## Work to complete:
In the listing below, find the line containing "Liberty Scarf Black" and the line containing "Festliche Preiselbeer-Füllbällchen, serviert". Repeat exactly those two lines and every line between them, nothing more.

## Data for this exercise:
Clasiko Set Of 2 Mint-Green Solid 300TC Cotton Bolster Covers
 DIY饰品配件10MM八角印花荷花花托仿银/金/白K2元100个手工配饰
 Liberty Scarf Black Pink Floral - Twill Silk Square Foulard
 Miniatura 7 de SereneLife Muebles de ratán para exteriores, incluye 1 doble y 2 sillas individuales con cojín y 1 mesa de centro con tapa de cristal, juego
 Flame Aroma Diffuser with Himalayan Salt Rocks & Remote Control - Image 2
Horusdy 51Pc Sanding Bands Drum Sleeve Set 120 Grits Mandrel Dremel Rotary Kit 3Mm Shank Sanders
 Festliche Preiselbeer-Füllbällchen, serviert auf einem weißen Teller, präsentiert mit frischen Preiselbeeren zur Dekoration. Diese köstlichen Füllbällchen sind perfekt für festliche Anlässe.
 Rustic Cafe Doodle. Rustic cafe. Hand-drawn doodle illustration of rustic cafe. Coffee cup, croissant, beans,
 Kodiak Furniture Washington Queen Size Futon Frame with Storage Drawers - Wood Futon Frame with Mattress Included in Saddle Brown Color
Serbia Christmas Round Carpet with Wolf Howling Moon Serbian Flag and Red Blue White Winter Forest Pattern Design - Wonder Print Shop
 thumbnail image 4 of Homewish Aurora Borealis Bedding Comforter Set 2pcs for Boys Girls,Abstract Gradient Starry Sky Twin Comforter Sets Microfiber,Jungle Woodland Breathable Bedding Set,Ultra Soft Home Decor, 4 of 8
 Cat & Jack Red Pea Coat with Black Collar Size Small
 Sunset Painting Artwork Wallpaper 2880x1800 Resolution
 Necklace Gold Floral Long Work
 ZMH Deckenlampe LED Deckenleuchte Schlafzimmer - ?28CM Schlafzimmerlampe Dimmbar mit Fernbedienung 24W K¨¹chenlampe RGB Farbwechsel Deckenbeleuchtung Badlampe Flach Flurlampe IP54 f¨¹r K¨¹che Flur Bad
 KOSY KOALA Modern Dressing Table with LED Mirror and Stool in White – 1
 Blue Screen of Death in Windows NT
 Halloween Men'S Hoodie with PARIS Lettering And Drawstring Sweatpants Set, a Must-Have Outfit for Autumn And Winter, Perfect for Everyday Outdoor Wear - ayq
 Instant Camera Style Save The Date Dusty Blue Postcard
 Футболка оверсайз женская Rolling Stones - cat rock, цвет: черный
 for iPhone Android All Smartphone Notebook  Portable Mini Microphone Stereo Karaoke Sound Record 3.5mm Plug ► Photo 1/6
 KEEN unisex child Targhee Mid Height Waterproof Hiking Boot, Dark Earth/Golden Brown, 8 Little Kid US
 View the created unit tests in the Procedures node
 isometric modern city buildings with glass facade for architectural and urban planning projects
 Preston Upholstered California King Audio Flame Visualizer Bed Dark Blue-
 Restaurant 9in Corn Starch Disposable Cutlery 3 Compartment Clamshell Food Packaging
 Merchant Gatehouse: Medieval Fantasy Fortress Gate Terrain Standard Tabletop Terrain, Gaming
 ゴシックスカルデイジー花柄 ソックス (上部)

## Result below:
 Liberty Scarf Black Pink Floral - Twill Silk Square Foulard
 Miniatura 7 de SereneLife Muebles de ratán para exteriores, incluye 1 doble y 2 sillas individuales con cojín y 1 mesa de centro con tapa de cristal, juego
 Flame Aroma Diffuser with Himalayan Salt Rocks & Remote Control - Image 2
Horusdy 51Pc Sanding Bands Drum Sleeve Set 120 Grits Mandrel Dremel Rotary Kit 3Mm Shank Sanders
 Festliche Preiselbeer-Füllbällchen, serviert auf einem weißen Teller, präsentiert mit frischen Preiselbeeren zur Dekoration. Diese köstlichen Füllbällchen sind perfekt für festliche Anlässe.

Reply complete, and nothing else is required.